GFS on iSCSI shared storage

This method, based on software version delivered with CentOS 6.0 use dlm_controld.pcmk and gfs_controld.pcmk, which are special version developped to be used directly by Pacemaker. After upgrading the OS to CentOS 6.2, the RPM providing dlm_controld.pcmk and gfs_controld.pcmk were replaced by cman, wichi provides the standard gfs_controld and dlm_controld. To be use these two with Pacemaker, we need to enable CMAN with Corosync. This is explained in the next howto.

This howto is tested with CentOS 6.0 and will not work with CentOS 6.2


In the howto about the creation of a MySQL failover (active-passive) cluster, we've show how we were using our iSCSI shared storage that we builded before. In the case of the MySQL cluster, it was sufficient to make a standard file-system on the iSCSI LUN once connected, because the cluster in fail-over mode, enforce that he's mounted only on one node at a time.

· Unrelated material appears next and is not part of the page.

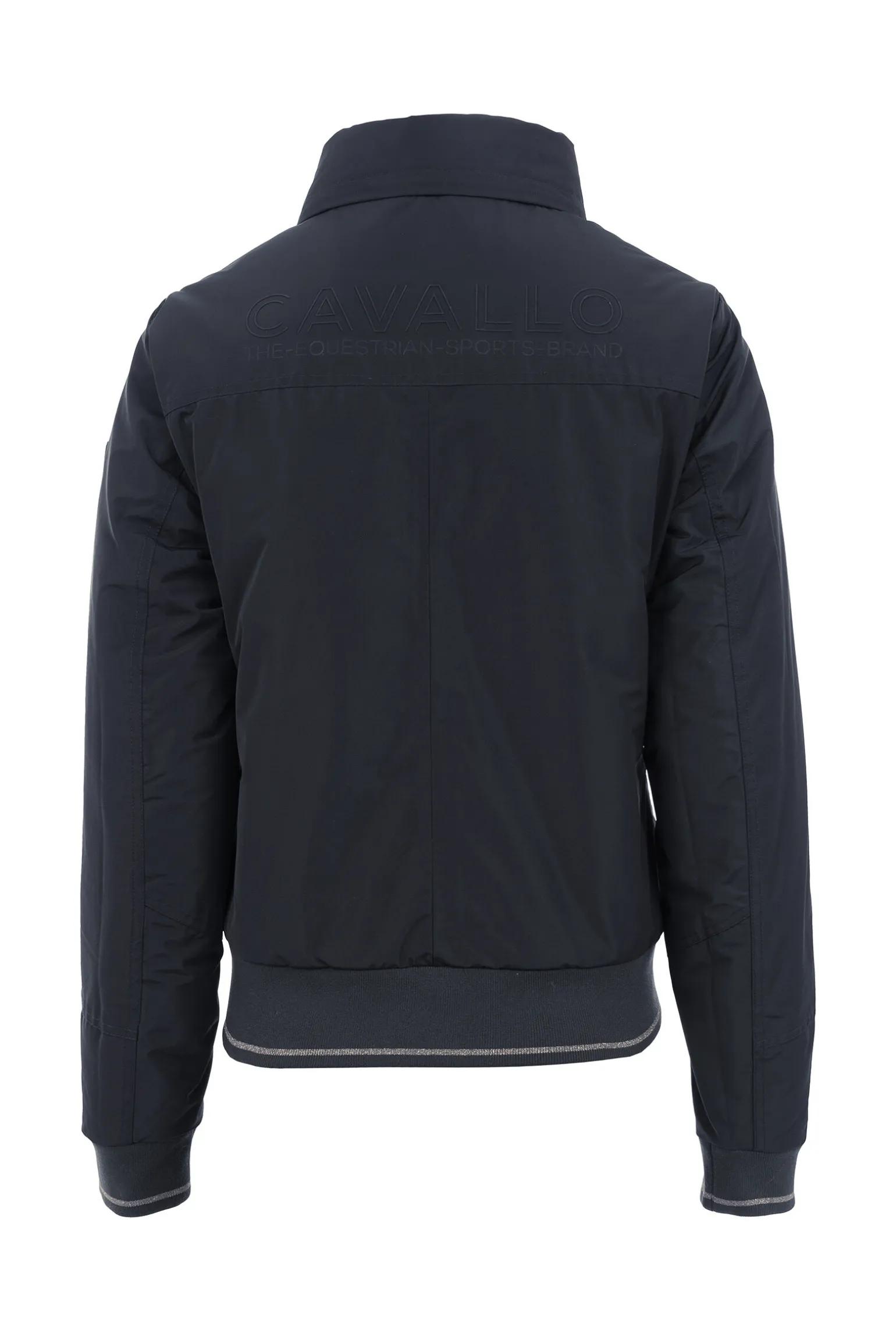 Cavallo Elea helårsjakke til dame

But if we need a filesystem that can be accessed by more than one server at the same time, we need to use a Cluster File System. The base of such file-system is to share the locking among the hosts accessing the file-system. This is what will be later called DLM or Distributed Lock Manager. There are various products to do this :
  • OCFS (Oracle Cluster File System)
  • GFS2 (Global File System version 2)
  • GlusterFS
  • (...)
We have chosen here GFS2 because it integrates easily with Pacemaker. (Note that OCFS integrates also as easily with Pacemaker).
Remark : GFS2 can run outside of Pacemaker too. We will here integrate GFS2 into Pacemaker to make the DLM service resilient, as the storage box, our iSCSI cluster already is.
 

The GFS2 cluster will be another cluster, running at least two nodes, but not limited to two. This cluster is also running Pacemaker / Corosync as for the iSCSI cluster itself. Beside the packages required to run Pacemaker, we need three more packages (as of CentOS 6.0) :

  • gfs2-utils

  • gfs-pcmk

  • dlm-pcmk (which is a pre-requisite for gfs-pcmk)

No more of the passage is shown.